Des bâtiments « à la hauteur de l’art européen »
« Les ambassades de France dans les anciennes colonies, en plus d’occuper des places de choix dans la géographie urbaine, demeurent parmi les plus beaux bâtiments du continent. « Le parc de la résidence de France est à l’heure actuelle la plus belle oasis de verdure de Libreville », écrivait encore dans les années 1980 l’ambassadeur au Gabon, Maurice Delauney1. Il en était fier : c’est lui qui avait fait ériger, au lendemain de l’indépendance gabonaise, cette luxueuse chancellerie posée sur un parc de cinq hectares en bord de mer avec, bien sûr, sa piscine et son court de tennis, son sport favori. Pour Jacques Cabanieu, ancien sous-directeur du service constructeur des Affaires étrangères, « l’architecture est un ambassadeur de la France »2.
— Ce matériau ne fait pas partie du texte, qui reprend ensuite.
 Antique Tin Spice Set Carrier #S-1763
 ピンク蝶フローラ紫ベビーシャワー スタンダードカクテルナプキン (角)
Lors d’une intervention devant la Society of Arts en 1873, l’architecte anglais Thomas Roger Smith décrivait une administration coloniale européenne qui « fait preuve de justice, d’ordre, de droit et d’honneur » et, à ce titre, défendait l’idée que « nos bâtiments doivent être à la hauteur de l’art européen. Ils doivent être européens, à la fois comme un point de ralliement pour nous-mêmes et comme un signe distinctif de l’Europe et de notre présence, qui doit être considérée avec respect et même admiration par les Indigènes du pays »3. L’architecte français Joseph Marrast jugeait quant à lui qu’il fallait incorporer dans la conception des bâtiments certains éléments de l’esthétique locale, non pas pour préserver la culture des peuples colonisés ou échanger avec eux, mais bien pour faciliter l’acceptation du colon, « apaiser la résistance locale », conquérir « le cœur des Indigènes » et gagner « leur affection, comme il est de notre devoir de colonisateur ». De grands architectes nationaux, comme Le Corbusier, ont participé à cette entreprise de domination culturelle.
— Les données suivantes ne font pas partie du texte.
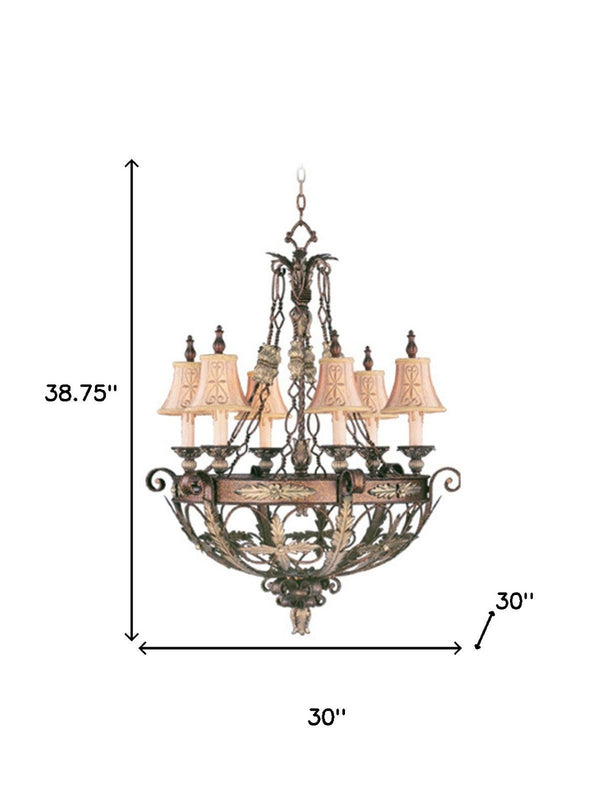 HomeRoots Bronze Elegant Six-Light Dimmable Chandelier with Cream Shades for Modern Home Illumination 687877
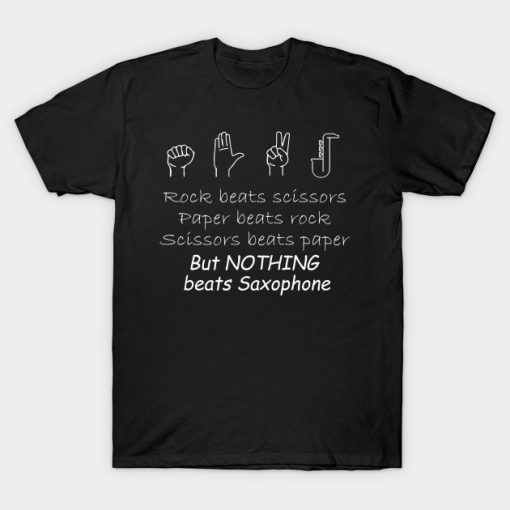 Rock paper Nothing beats saxophone T-Shirt AI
« Cette question du prestige français transparaît clairement dans de nombreux discours, émanant aussi bien des analystes que des acteurs eux-mêmes », explique Marie-Alice Lincoln, autrice d’un mémoire sur le sujet4. Ainsi, pour l’ancien ambassadeur Yvon Roé d’Albert, le patrimoine diplomatique est délibérément associé au fait qu’il « contribue à l’affirmation de notre présence » et « à la défense de notre culture »5. Les architectes eux-mêmes relaient ce discours sur le caractère « français » des édifices, comme Pierre Dufau, architecte français au Cambodge : « Si nous faisons un centre culturel à Phnom Penh, c’est pour permettre la diffusion de la culture française et l’architecture fait partie de cette culture. Si le bâtiment est d’une médiocrité excessive, cela deviendra de la contre-propagande.6 » Mais quel est le prix d’une telle politique ?
Baisse des budgets et sponsoring
À Dakar, Abidjan, Yaoundé ou encore Libreville, les résidences luxueuses des ambassadeurs français entretiennent chèrement l’image surannée de cet « empire qui ne veut pas mourir »7. Des « trésors » coûteux érigés dans des pays où les revenus par habitant sont parmi les plus faibles du monde [...].
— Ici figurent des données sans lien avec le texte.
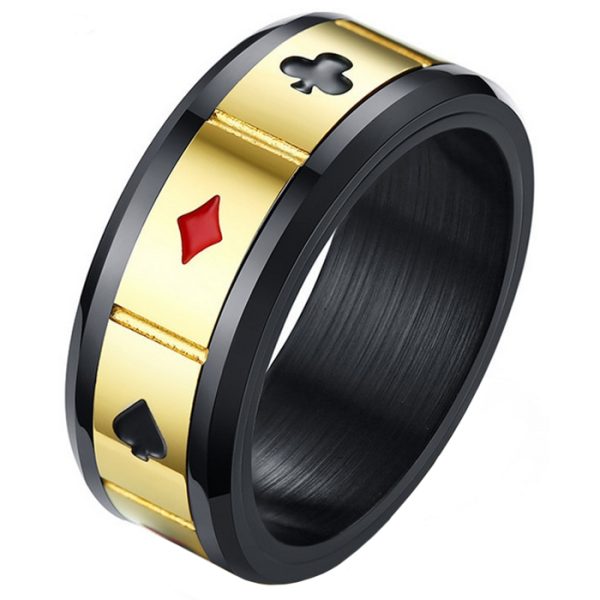Stalen mannen ring Lucky Cards Spinner Goud Zwart-21mm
Mais si l’on souhaite connaître avec précision les dépenses de fonctionnement des représentations françaises en Afrique, il faut se lever tôt : aucune donnée n’est disponible poste par poste. On doit donc se contenter de chiffres globaux – les dépenses à Washington n’ont pourtant rien à voir avec celles de Libreville. Même chose pour la valeur du patrimoine français à l’étranger. Selon le dernier rapport de la Commission des finances de l’Assemblée nationale sur l’action extérieure de l’État, celle-ci est aujourd’hui estimée à 4,17 milliards d’euros pour l’ensemble du parc à l’étranger. En 2022, le total des dépenses de fonctionnement et d’investissement atteint 410,3 millions d’euros, soit une hausse de 10,2 millions (+ 2,6 %) par rapport à 2021 (environ 14 % du budget global du ministère des Affaires étrangères, qui s’élève à 2,9 milliards d’euros). Sur ce montant, 77 millions d’euros sont consacrés à « la remise à niveau » de ce patrimoine (en plus des 9,2 millions d’euros dépensés pour l’entretien « courant »). Pour le rapporteur, ces dépenses contribuent « à façonner l’image de la France à l’étranger »8.
Côté représentation, « le budget a considérablement été réduit ces dernières années », explique l’intendant d’une ambassade en Afrique. « Le nombre d’invités n’a, lui, pas diminué », ajoute-t-il. Afin de combler cette baisse de moyens, le sponsoring est devenu monnaie courante. Il n’est pas rare de voir des stands de marques, avec hôtesses, au sein des réceptions.
Ces chiffres ne nous éclairent pas vraiment sur le coût d’une représentation française en Afrique. Une source diplomatique requérant l’anonymat a cependant accepté de lever un coin du voile pour l’ambassade de France en Côte d’Ivoire. Abidjan est l’une des chancelleries les plus vastes du réseau français dans ses anciennes colonies d’Afrique subsaharienne. [...] Quelque 150 personnes, dont la moitié sont des agents de droit local, font tourner la boutique. Selon notre source, le budget de l’année 2020 s’élevait à 1,5 million d’euros. Avec les ressources liées à la coopération militaire et l’aide au développement, le budget de la France en Côte d’Ivoire s’élève à près de 3,7 millions d’euros par an. En raison de l’épidémie de Covid-19, des économies réalisées sur les frais de représentation ont permis de réaliser des travaux à hauteur de 250 000 euros.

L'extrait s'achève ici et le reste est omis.